What difference does half a degree Celsius make?

During the climate change negotiations in Paris in 2015, 195 governments commited to take binding measures to keep average global temperatures “well below 2°C” above pre-industrial levels and to “pursue efforts” to keep the increase under 1.5°C. While relieved that the 1.5°C target was explicitly mentioned in the Paris Agreement, Small Island Developing States, ocean advocates and many others are concerned the wording is not ambitious enough. 

Prior to the COP21, the UN Framework Convention on Climate Change (UNFCCC) had demonstrated that a <1.5°C of global warming would be necessary to keep sea level from rising over 1 meter and to protect any coral reefs at all. 2°C of warming, by contrast, would obliterate Arctic sea ice and cause severe ocean acidification and marine species extinction.

Ocean experts likewise warn that anything over 1-1.5°C of warming would turn 90% of the world’s coral reefs into algae-strewn, limestone graveyards.

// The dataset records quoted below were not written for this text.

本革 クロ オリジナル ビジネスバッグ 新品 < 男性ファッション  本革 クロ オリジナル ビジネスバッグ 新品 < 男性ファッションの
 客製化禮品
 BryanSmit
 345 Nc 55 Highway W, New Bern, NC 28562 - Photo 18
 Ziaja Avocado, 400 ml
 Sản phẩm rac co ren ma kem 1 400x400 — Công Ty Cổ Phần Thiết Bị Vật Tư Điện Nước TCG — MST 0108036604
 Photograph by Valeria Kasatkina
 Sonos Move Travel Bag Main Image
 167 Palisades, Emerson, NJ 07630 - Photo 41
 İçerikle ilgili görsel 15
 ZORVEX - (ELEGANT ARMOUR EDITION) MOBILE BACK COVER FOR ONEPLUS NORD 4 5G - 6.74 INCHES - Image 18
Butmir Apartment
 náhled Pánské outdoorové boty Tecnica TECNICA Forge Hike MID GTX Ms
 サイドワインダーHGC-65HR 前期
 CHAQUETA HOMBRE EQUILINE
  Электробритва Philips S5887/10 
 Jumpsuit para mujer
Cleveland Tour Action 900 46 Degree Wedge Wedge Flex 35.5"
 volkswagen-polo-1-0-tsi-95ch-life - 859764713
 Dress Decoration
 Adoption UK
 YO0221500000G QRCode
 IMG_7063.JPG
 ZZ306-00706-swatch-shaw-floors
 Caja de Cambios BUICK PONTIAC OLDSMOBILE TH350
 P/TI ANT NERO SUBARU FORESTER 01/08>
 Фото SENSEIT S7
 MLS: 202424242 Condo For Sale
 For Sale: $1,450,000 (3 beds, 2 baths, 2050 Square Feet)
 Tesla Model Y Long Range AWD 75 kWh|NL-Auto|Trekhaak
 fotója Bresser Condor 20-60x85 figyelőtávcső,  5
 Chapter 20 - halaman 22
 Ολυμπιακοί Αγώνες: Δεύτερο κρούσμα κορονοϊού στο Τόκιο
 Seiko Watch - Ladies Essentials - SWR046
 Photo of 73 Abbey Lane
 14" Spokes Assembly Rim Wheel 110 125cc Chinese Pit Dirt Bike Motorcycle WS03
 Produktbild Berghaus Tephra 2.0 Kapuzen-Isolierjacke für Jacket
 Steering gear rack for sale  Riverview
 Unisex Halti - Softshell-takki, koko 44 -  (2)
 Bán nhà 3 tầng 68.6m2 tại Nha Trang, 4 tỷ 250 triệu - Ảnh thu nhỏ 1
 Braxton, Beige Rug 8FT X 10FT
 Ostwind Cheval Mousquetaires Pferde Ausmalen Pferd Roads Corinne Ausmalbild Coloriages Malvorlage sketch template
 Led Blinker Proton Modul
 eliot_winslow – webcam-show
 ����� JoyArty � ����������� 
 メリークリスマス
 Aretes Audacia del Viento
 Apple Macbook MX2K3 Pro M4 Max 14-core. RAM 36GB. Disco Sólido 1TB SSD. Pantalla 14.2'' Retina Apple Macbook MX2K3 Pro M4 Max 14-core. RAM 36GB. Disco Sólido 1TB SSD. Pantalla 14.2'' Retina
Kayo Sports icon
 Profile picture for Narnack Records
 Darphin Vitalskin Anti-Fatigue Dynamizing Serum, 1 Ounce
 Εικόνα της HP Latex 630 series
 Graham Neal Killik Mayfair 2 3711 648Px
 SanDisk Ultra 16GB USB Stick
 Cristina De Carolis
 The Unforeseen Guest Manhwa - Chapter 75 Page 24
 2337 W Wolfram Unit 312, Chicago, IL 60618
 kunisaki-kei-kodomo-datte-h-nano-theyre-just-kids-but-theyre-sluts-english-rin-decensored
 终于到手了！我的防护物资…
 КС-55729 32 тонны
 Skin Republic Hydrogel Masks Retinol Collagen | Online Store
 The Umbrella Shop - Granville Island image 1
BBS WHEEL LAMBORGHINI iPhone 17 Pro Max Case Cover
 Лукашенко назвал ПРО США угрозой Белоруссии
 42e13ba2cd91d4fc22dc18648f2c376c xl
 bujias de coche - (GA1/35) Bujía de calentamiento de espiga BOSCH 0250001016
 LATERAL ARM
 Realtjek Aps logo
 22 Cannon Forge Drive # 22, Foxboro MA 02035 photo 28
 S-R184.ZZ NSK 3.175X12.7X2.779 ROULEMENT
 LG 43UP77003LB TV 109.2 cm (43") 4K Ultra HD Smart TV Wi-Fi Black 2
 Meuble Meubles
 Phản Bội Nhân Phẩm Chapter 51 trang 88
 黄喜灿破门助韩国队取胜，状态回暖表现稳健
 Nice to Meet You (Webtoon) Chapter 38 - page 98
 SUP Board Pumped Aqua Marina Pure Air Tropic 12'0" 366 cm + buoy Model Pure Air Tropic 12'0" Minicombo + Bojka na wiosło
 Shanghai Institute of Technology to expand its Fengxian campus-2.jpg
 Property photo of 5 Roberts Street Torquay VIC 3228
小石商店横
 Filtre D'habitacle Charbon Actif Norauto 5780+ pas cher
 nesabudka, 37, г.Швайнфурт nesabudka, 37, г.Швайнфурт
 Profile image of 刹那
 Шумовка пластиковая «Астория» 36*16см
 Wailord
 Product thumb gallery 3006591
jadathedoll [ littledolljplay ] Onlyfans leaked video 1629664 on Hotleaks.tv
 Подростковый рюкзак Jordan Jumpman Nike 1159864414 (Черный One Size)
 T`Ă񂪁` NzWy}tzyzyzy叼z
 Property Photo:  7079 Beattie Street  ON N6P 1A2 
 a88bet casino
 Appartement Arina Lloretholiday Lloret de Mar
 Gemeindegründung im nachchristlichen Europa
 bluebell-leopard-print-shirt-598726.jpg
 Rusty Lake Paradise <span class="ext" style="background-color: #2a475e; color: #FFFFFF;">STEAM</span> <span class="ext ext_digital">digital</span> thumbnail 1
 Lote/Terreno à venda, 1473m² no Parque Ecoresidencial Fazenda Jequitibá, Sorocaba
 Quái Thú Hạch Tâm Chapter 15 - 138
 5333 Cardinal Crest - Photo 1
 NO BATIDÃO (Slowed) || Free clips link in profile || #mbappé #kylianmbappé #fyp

If coral reefs disappear, the fish stocks they support will follow, leading to widespread food insecurity. In the words of Lisel Alamilla, Minister of Forestry, Fisheries & Sustainable Development in Belize,

“The world has to decide whether it wants to act now to save our oceans, or doom the state of our oceans.”

Dooming our oceans is not an option given the fundamental role they play in sustaining life on land.